La troisième fille, Amélie Auguste Eugénie Napoléone (Milan 31 juillet 1812 - Lisbonne 26 janvier 1873), fut la seule à la naissance de laquelle l'impératrice Joséphine assista. Mme de Wurmb fut sa marraine. On la maria en 1829 à Pierre Ier empereur du Brésil, qui abdiqua en 1831 et était par un premier mariage père de la reine Marie II. Elle n'eut elle-même qu'une enfant, morte tuberculeuse à l'âge de dix-neuf ans.

Une quatrième fille, Théodelinde Louise Eugénie Auguste Napoléone (Mantoue 13 avril 1814 - Munich 1er avril 1857), née dans les circonstances difficiles que l'on sait, avait reçu le nom d'une reine quasi mythique des Lombards, originaire de Bavière. On la surnommait Linda. De santé fragile et de caractère inquiet, elle s'unit en 1841 à Guillaume Alexandre Ferdinand duc d'Urach, comte de Wurtemberg, avec qui elle s'installa au château de Lichtenstein près de Reutlingen (aujourd'hui Bade-Wurtemberg). Leurs quatre filles eurent douze enfants. Sa principale descendance vient du premier mariage de sa fille aînée avec un comte d'Enzenberg (Tyrol autrichien).

La petite princesse Caroline Auguste Clotilde ne vécut que quelques mois à Munich en 1816.

Enfin le second fils, Maximilien (ou Max) Joseph Eugène Auguste Napoléon (Munich 2 octobre 1817 - Saint-Pétersbourg 20 octobre/1er novembre 1852), troisième duc de Leuchtenberg, dernier titulaire du majorat de Navarre, épousa en 1839 la grande-duchesse Marie, fille du tsar Nicolas Ier. Celui-ci leur donna les palais Marie à Saint-Pétersbourg et Leuchtenberg à Peterhof. Ils eurent sept enfants, princes ou princesses Romanovsky ou Romanovska. Leur fille aînée Marie épousa un prince de Bade et en eut le margrave Max de Bade (1867-1929), dernier chancelier de l'Empire allemand en 1918, homme de réputation libérale apparenté à la famille de Stéphanie de Beauharnais et par là aux rois de Roumanie et des Belges. Trois des fils furent tour à tour ducs de Leuchtenberg. Dans leur nombreuse postérité, on remarque l'historien Georges (1872-1929) et sa fille Nathalie.
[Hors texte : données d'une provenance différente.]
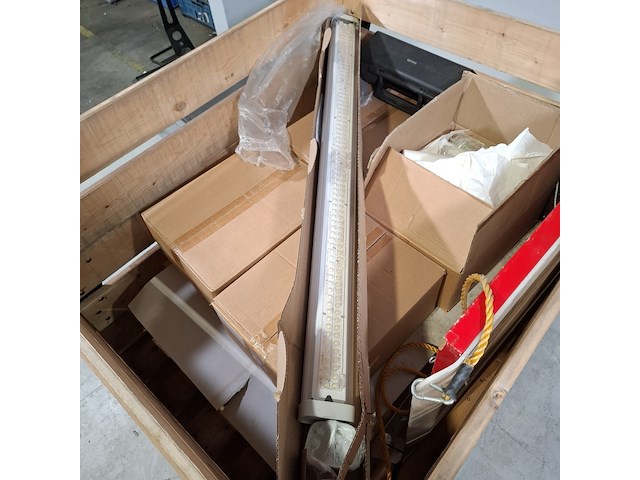 Diverse werkplaatsinventaris - afbeelding 7 van  10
Les crises, les guerres, les révolutions du XXe siècle ont dispersé cette partie de la famille du prince Eugène.

Des souvenirs qu'il a laissés, la part de sa fille aînée est soigneusement conservée dans les collections royales de Suède et celle de la plus jeune est souvent encore en possession de ses descendants autrichiens. Quand ils ont été préservés, les biens de la branche russe situés soit en Allemagne, soit en Russie sont allés d'enchères en enchères. Des meubles, tableaux ou documents sont encore en Bavière. Le gros des archives a abouti à la bibliothèque de l'Université de Princeton. Le musée de Malmaison a reçu ou acheté quelques raretés.